This is an interesting comparison that tells a lot about the current economic structure of baseball. The Twins and Giants probably have a similar median value for the remainder of Correa's career - 35 WAR. What you're seeing is that 1 WAR is worth $8M to the Twins while it's worth $10M to the Giants (and more to the Mets). Neither team thinks Correa is going to be worth a darn at age 40 but the Twins don't pay the luxury tax so there is no incentive to spread out the years like there is for the Giants. The Giants probably would have made this a 20 year contract if MLB would have let them. The Twins will have to pay higher salary per year on shorter years to get top talent because time value of money makes that a more valuable contract for the player (8/285 is more valuable than 10/300 because $1M now is worth more than $2M ten years from now).
The Twins cannot afford a rebuild this season. They have a TV contract up for renegotiation. The White Sox are keeping their money in their wallet and the Guardians are beatable. Half of their pitching rotation (Gray, Maeda, Mahle) becomes a free agent next year. They have to try to win this division in 2023.

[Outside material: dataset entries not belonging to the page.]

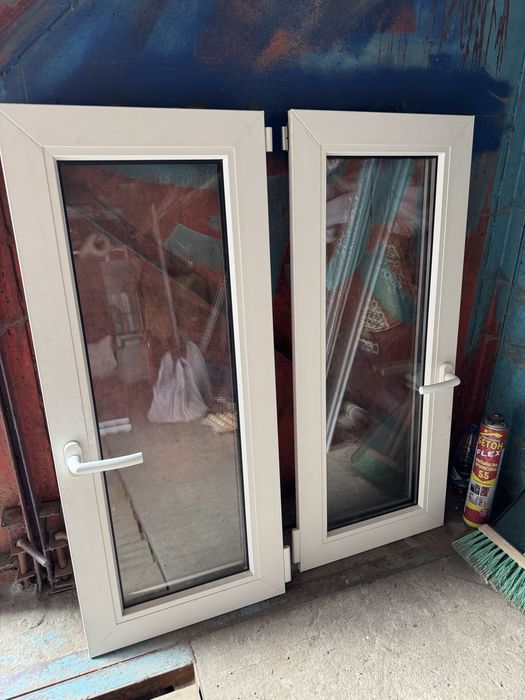 Двері вікна пластикові .б.у .балконні двері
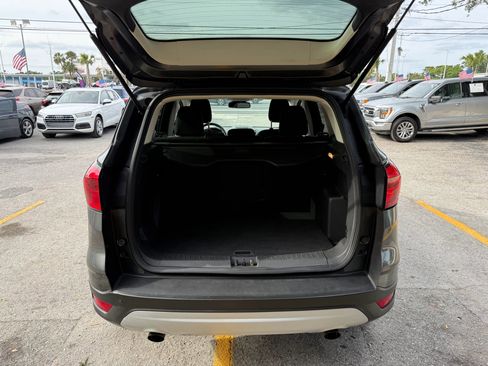 Used 2019 Ford Escape SE image 7
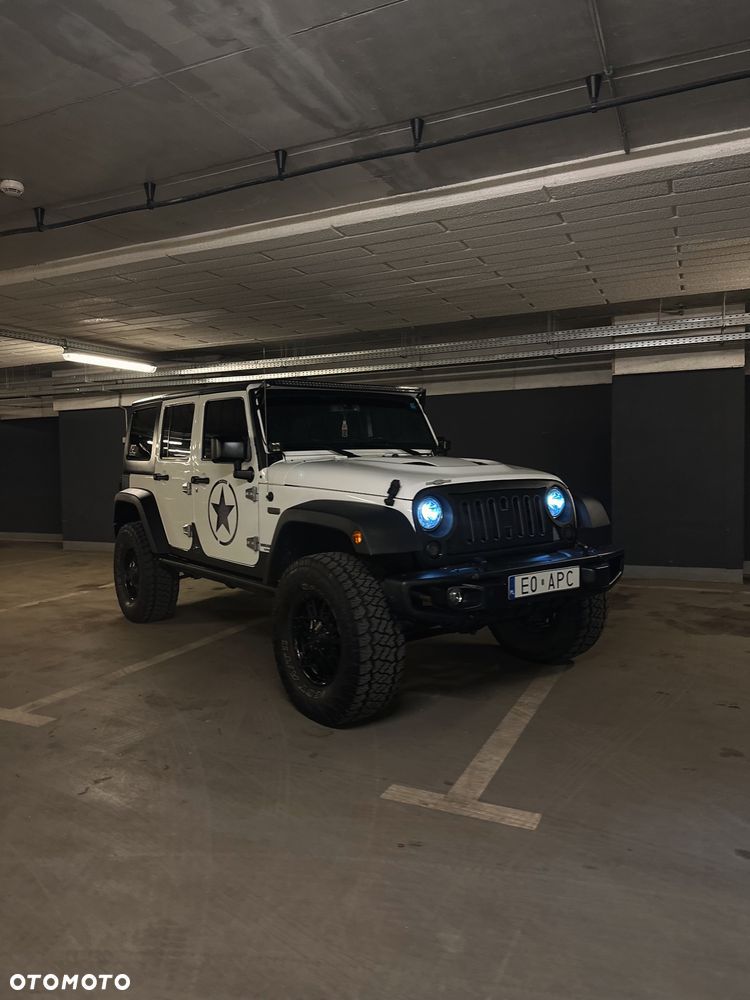 Jeep Wrangler 3.6 Unlim 75th Anniv - 40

I agree that we are looking at a story of vastly different economic incentives for MLB teams. The large market teams want the playoff windfall so they will pay top dollar for free agents. Some of the small market teams will compete but only if it doesn't cost them much more than the minimum payroll (Guardians, A's). The mid-market teams (Twins, Cardinals) have to develop from within and are willing to pay for arbitration salaries or team friendly contracts signed when the player is under team control but can't afford top free agents.